(Saved entries)
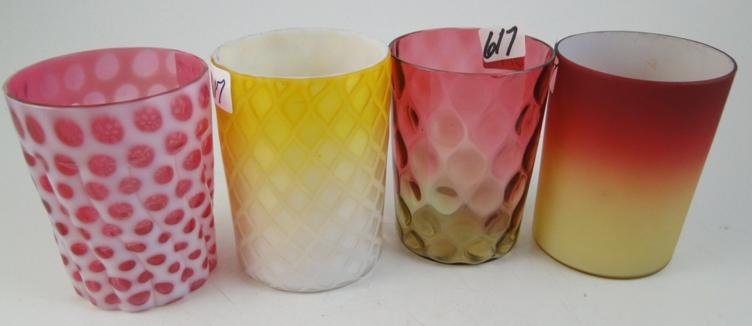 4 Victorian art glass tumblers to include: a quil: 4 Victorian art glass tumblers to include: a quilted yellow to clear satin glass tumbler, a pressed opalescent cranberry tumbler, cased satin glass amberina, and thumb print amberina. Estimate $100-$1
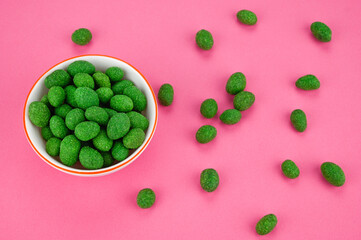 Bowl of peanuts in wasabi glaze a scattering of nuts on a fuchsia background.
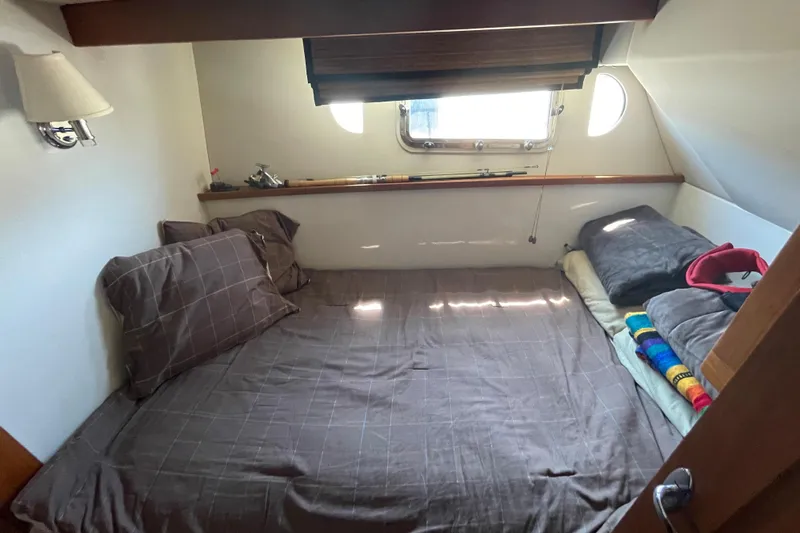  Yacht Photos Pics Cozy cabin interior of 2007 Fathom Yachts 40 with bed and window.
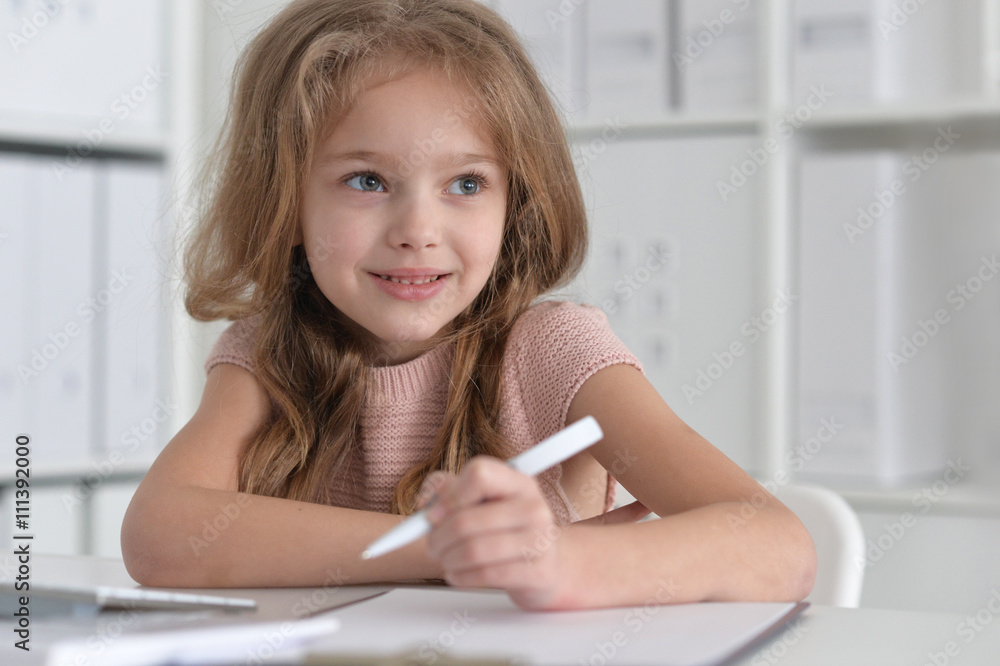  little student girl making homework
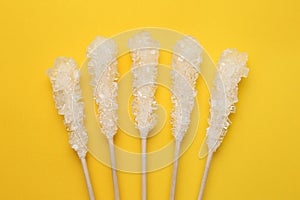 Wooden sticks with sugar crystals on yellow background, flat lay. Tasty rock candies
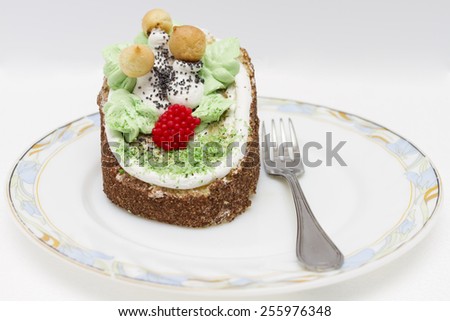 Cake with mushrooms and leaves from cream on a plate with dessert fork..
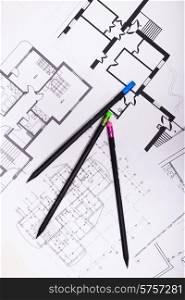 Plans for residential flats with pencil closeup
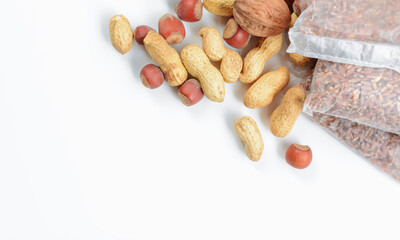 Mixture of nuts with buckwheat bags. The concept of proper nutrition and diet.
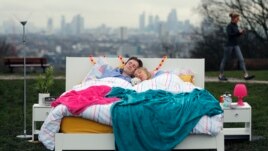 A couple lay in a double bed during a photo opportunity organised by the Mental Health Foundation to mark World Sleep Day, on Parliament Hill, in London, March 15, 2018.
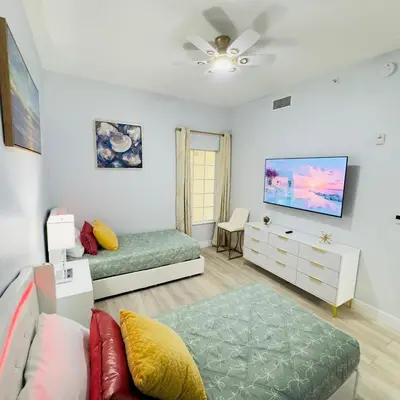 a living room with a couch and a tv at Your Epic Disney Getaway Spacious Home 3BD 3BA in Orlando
--
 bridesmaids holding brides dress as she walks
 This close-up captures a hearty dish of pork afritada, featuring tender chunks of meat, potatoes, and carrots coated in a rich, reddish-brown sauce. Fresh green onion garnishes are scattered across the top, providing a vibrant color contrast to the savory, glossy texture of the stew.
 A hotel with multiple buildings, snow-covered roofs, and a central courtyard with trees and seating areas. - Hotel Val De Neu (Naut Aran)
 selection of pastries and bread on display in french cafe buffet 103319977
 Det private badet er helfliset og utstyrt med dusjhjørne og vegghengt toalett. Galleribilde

▶ WORK TO BE COMPLETED:
Only the lines above from the one containing "little student girl making homework" through the one containing "a living room" should be returned, verbatim and inclusive, with pictures excluded.

▶ RESPONSE FOR THIS EXERCISE:
  little student girl making homework
 Wooden sticks with sugar crystals on yellow background, flat lay. Tasty rock candies
 Cake with mushrooms and leaves from cream on a plate with dessert fork..
 Plans for residential flats with pencil closeup
 Mixture of nuts with buckwheat bags. The concept of proper nutrition and diet.
 A couple lay in a double bed during a photo opportunity organised by the Mental Health Foundation to mark World Sleep Day, on Parliament Hill, in London, March 15, 2018.
 a living room with a couch and a tv at Your Epic Disney Getaway Spacious Home 3BD 3BA in Orlando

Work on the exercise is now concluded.